Choosing a Repair Shop
After a major hailstorm, the repair market becomes chaotic. Mobile PDR operators from other provinces descend on affected cities, quality is highly variable, and some operators disappear before completing work or honouring guarantees.
A safer approach:
- Use your insurer's preferred or approved repairer if they have one — these shops have been assessed and are contractually accountable to the insurer
- If choosing your own repairer, ask specifically how long they have operated in your area, whether they have a physical address, and what their guarantee terms are
- Ask for a written repair quote with a specific list of panels being repaired and the method to be used
- Get at least two quotes if going outside the insurer's network
- Avoid anyone who approaches you unsolicited at a shopping centre or petrol station offering on-the-spot repairs — this is how many post-hail scams operate
Watch Out for These Scams
Hail events reliably attract opportunistic operators. Common scams:
- Upselling during repair — "we found additional damage" partway through the job. Get a comprehensive written quote before work starts.
- Ghost repairs — you pay (or your insurer pays) for work not fully completed. Inspect the car thoroughly before signing off.
- Panel replacement instead of PDR — some unscrupulous shops replace panels (more expensive, billable to insurer) when PDR would have sufficed. If you have doubts about whether replacement was necessary, ask for the old panel to be returned.

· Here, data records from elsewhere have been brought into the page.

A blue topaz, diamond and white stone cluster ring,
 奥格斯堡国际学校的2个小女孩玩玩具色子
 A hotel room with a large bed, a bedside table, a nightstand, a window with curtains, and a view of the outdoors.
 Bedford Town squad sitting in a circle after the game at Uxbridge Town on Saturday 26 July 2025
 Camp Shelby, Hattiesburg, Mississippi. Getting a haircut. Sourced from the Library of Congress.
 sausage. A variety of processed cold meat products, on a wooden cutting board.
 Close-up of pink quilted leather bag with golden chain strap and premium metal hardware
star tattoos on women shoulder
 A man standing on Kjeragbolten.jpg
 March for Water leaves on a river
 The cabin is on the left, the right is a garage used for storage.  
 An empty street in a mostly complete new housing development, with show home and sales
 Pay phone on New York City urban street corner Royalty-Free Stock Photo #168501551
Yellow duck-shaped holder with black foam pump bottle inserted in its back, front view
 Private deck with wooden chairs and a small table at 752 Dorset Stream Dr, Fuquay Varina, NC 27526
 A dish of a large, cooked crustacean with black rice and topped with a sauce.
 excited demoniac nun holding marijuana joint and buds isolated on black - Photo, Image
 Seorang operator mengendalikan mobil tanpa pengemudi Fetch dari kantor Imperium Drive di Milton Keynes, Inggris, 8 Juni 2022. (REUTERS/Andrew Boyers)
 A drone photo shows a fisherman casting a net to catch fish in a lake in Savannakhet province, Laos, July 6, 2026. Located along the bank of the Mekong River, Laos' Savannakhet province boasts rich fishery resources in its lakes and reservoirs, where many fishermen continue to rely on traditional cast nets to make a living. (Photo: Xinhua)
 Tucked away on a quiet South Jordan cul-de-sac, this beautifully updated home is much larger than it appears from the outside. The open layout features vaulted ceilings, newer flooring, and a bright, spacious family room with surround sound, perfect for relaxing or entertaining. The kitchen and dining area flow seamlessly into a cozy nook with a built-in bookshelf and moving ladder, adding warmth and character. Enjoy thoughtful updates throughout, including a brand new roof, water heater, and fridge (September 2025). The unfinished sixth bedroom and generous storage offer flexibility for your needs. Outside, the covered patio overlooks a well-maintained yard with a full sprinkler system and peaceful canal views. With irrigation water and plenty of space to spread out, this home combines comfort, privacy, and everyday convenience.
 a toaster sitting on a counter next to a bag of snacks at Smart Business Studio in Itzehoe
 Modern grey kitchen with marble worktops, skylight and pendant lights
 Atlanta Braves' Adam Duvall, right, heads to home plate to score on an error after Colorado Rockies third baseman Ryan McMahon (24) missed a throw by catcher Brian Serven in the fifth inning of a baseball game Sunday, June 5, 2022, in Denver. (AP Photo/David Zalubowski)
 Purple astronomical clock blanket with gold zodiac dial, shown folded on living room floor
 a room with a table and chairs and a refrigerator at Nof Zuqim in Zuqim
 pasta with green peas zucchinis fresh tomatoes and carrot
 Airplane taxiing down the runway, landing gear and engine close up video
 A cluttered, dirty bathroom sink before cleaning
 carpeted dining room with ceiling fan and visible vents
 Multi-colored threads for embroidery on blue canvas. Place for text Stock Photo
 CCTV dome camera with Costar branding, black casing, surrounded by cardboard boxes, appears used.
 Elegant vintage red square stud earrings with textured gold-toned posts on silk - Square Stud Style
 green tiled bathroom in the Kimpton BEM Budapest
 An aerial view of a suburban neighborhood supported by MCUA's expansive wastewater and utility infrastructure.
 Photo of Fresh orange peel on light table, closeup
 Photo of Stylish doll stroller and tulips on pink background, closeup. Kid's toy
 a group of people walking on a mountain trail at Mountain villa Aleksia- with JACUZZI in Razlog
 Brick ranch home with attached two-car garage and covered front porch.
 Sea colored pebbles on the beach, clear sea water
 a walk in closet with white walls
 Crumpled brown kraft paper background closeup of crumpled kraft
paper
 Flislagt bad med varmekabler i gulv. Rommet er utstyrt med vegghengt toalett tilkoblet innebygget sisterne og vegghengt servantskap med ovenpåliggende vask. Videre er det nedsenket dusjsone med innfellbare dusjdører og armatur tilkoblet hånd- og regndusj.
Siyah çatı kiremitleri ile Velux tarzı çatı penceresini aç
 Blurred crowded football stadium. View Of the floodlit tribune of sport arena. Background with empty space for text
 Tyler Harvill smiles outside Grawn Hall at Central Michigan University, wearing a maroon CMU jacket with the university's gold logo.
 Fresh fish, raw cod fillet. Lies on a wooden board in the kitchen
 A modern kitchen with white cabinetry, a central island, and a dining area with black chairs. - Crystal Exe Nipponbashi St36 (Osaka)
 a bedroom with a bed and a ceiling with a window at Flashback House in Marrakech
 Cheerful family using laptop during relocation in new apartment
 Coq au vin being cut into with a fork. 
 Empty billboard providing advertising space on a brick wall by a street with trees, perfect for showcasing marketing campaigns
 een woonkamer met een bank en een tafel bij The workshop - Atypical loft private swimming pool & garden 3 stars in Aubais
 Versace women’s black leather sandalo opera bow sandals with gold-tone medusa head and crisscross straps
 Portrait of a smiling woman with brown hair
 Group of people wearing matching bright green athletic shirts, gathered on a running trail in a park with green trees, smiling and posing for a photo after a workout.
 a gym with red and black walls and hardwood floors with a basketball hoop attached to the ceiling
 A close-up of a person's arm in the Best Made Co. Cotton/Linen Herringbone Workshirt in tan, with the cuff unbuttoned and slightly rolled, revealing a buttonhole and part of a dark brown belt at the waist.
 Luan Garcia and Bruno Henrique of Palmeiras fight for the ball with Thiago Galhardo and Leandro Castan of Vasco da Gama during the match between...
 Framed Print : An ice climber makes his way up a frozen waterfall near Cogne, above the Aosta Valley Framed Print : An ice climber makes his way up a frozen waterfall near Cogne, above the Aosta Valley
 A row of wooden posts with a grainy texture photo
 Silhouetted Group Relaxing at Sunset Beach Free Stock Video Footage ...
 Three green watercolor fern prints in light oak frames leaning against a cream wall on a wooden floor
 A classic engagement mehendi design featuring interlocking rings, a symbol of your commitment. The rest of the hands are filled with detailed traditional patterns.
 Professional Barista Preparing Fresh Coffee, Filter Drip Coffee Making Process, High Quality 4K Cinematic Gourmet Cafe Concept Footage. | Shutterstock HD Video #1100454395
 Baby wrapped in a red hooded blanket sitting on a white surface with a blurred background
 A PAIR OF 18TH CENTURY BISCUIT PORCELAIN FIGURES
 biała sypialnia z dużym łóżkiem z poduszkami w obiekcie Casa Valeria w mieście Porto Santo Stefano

- Shoddy PDR — poorly performed PDR can leave stretch marks in the paint or incompletely worked dents. Inspect the car in open shade at a low angle before accepting the vehicle back.
What If You Are Not Insured?
If you do not have comprehensive insurance, you will be paying for hail repairs out of pocket. In this case:
- Get three written quotes from established shops
- Prioritise PDR for dents that have not broken the paint — it is significantly cheaper than panel and paint
- Be aware that dent damage that is left unrepaired can promote rust at the edges of the affected area, particularly on older vehicles with thinner clear coat
- If the damage is purely cosmetic and the vehicle is older, weigh the repair cost against the vehicle's value before committing to a full repair
The Bottom Line
Hail damage is stressful but almost always repairable. Document immediately, contact your insurer before committing to a repairer, use a shop with a verifiable track record, and inspect the work thoroughly before signing off. A good PDR technician can restore a hail-battered car to a condition that is genuinely difficult to distinguish from pre-damage — but only if you choose the right one.